The official Udacity training data set https://d17h27t6h515a5.cloudfront.net/topher/2016/December/584f6edd_data/data.zip has been used for this project. Adding significantly more training data (~80k images) did not yield a clear improvement and just prolonged the training process, so I decided to focus on the Udacity dataset. The dataset contains 8036 image triplets of size (320x160) with a center camera image, a left and a right camera image. Training data was first cropped to remove some non-relevant image areas, normalized to the range -0.5 to 0.5 and resized to Nvidia image format (200x66). Subsequently training data was split into a training (80%) and validation (20%) part. For the objective function to minimize the mean squared error of the predictions was chosen. However, the model with the best mean squared error does not necessarily needs to be the best model on the track, so typically one has to test multiple models. Due to that, a specific test data set was not selected.
The first track mostly contains left curves, so that the training data will be biased towards negative steering angles. Besides that, the zero steering angle when just driving straight is overrepresented. Due to that, I decided to remove a big part of this overrepresented data. For recovery I tried both to collect manual recovery scenes and using the left and right images for recovery. In the end, the approach using left and right camera images performed better, otherwise the training process would need multiple training and data collection iterations.
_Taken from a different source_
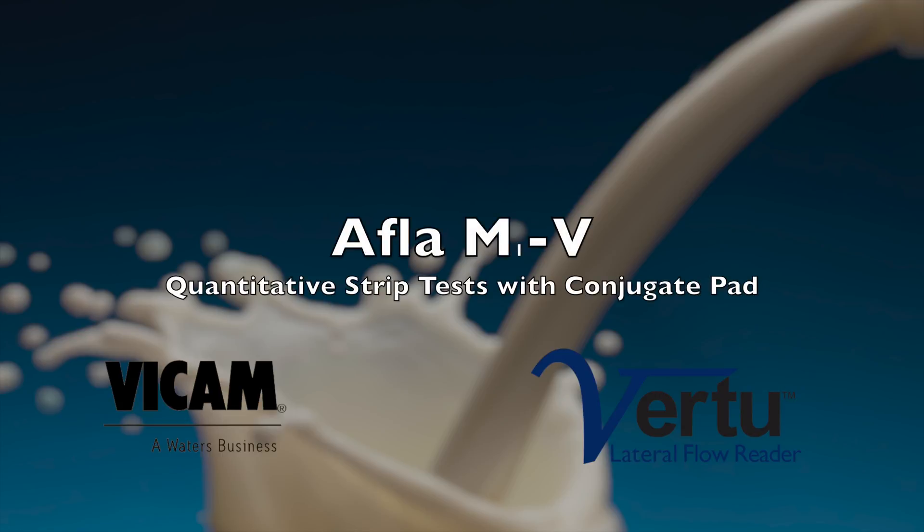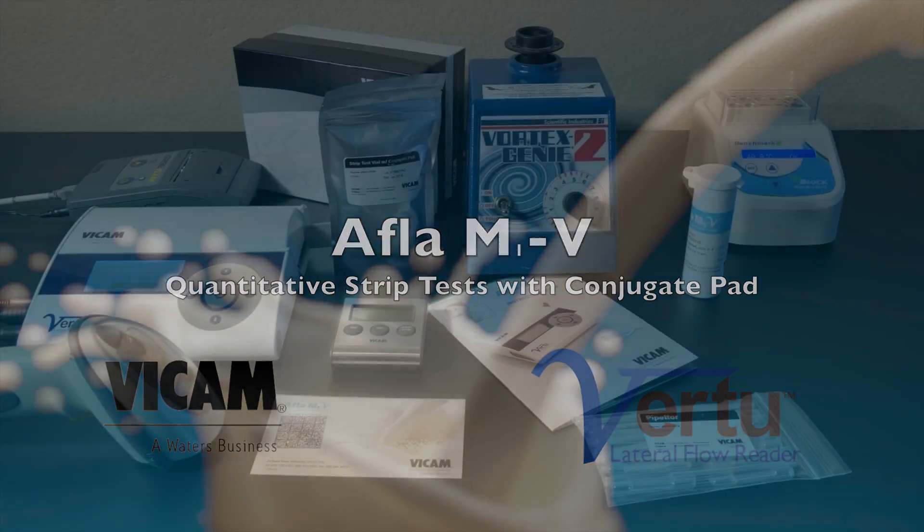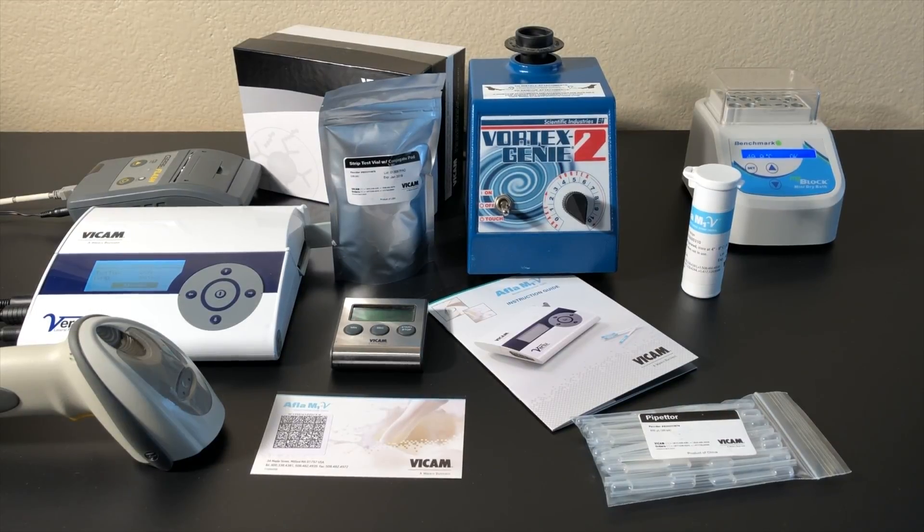The Vicam AFLA M1V Quantitative Strip Test with Conjugate Pad is used for the detection of Aflatoxin in raw or whole milk.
For the left and right camera images the groundtruth steering angle needs to be adapted to teach to model always driving back to the center of the track, see these figures:
In order to remove the bias towards negative steering angles the input dataset has been mirrored along the center vertical image axis. The following figure shows the final distribution of the training dataset:
In order to make the driving smoother, I decided to randomly shift the input images horizontally. This horizontal shift also requires an adaption of the steering angle pointing back to the center of the track. The idea of shifting is again to have a restoring force back to the center even before it touches the border markings:
For training, the mean squared prediction error was minimized using Adam's optimizer which is a good choice at the moment (see http://sebastianruder.com/optimizing-gradient-descent/ for a comparison). Validation error was monitored to prevent overfitting and as a guide to select the right model for testing on the track. In order to do early stopping, a larger patience value should be used because the validation error sometimes is not decreasing monotonously.
This was really an amazing project! It was a great feeling when the car was driving successfully on the track for the first time. At first due to some bugs in my code I really had issues producing any useful results. Due to that, I tried a lot of different network architectures and different kinds of data augmentation which helped to get a deeper insight in this project. So the results presented here can just reflect a very small part of the experiences that I made when I was working on this project. As usual, the discussions on the forum or via Slack channel helped a lot. Besides that, of course the approaches from the Udacity challenge https://github.com/udacity/self-driving-car/tree/master/steering-models/community-models also were interesting to see. I hope that I can further improve the driving behavior in the future using filtering techniques or using different network types.